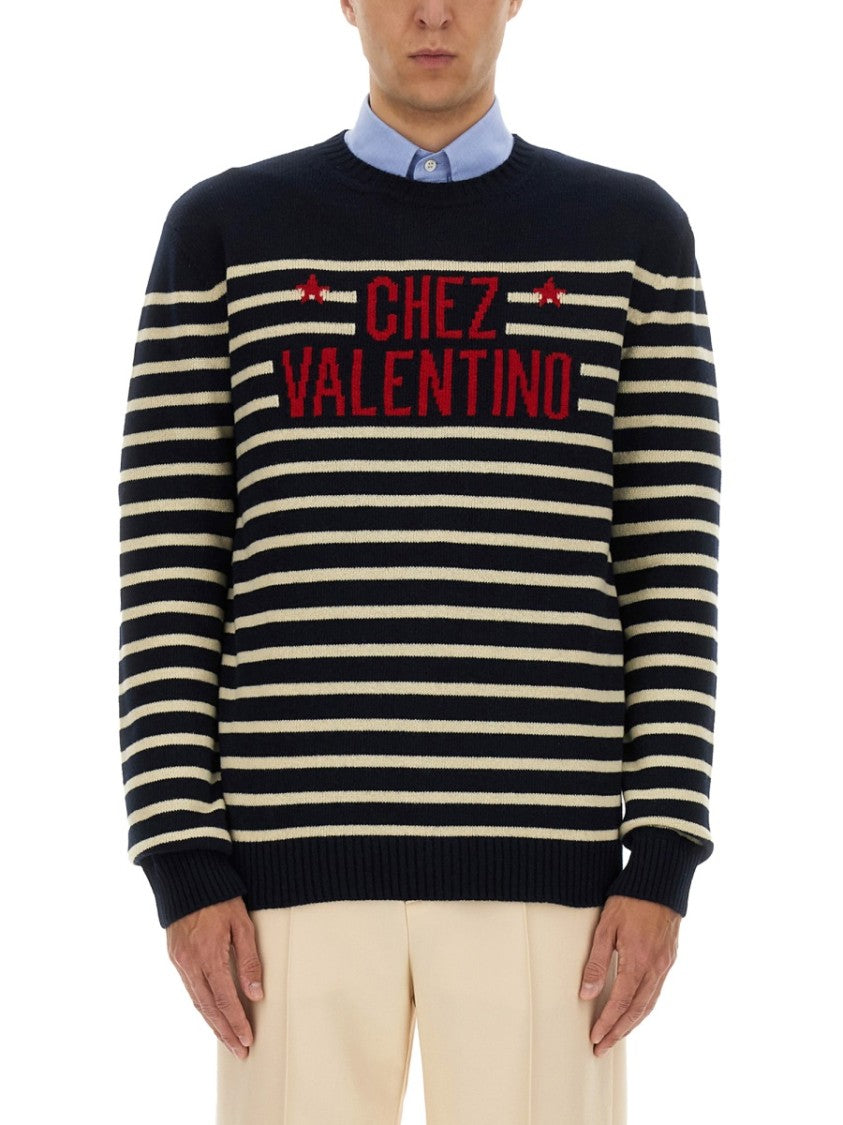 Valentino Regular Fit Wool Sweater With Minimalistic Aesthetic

---

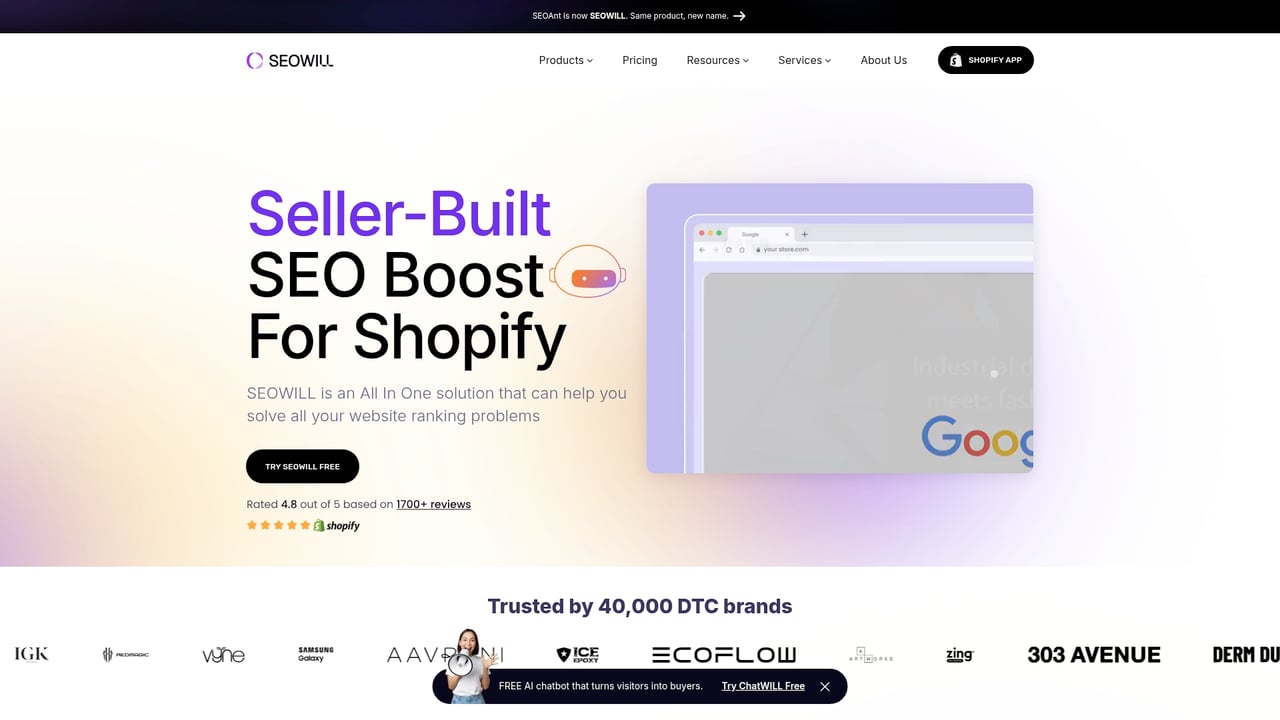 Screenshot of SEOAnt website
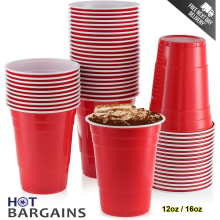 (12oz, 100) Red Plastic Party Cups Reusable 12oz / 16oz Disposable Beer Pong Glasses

==

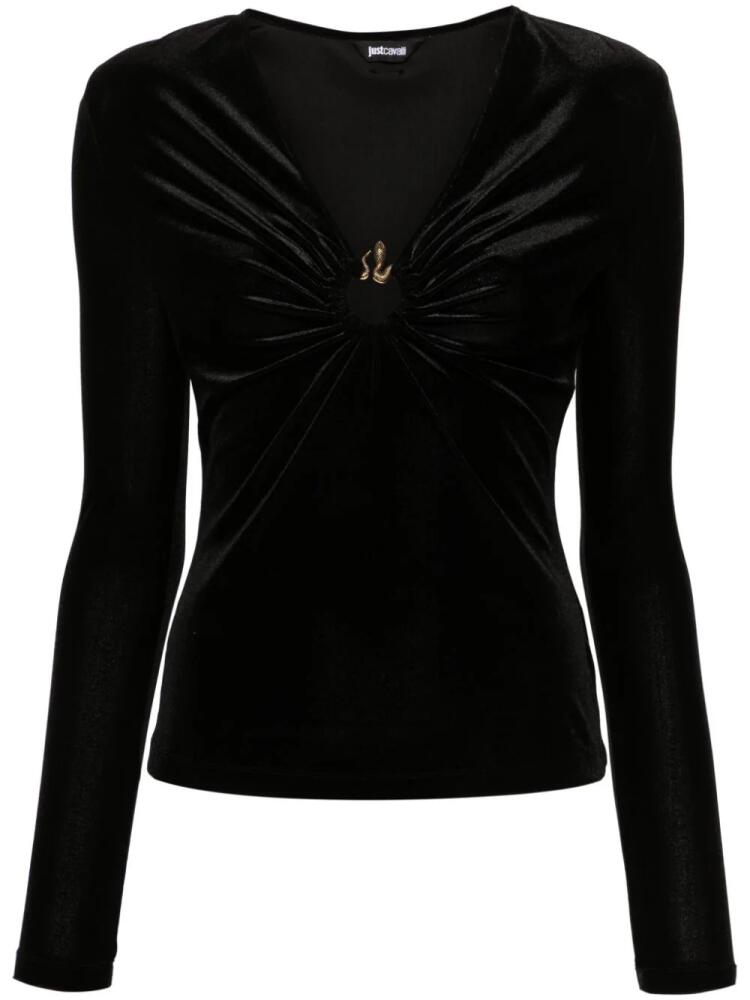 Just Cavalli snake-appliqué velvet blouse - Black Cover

--- PROBLEM REQUIREMENTS ---
All that should be printed is the run of lines above from the one with "Screenshot of SEOAnt website" through the one with "(12oz, 100) Red", both included, exactly as given, with pictures left out.

--- ANSWER AREA ---
 Screenshot of SEOAnt website
 (12oz, 100) Red Plastic Party Cups Reusable 12oz / 16oz Disposable Beer Pong Glasses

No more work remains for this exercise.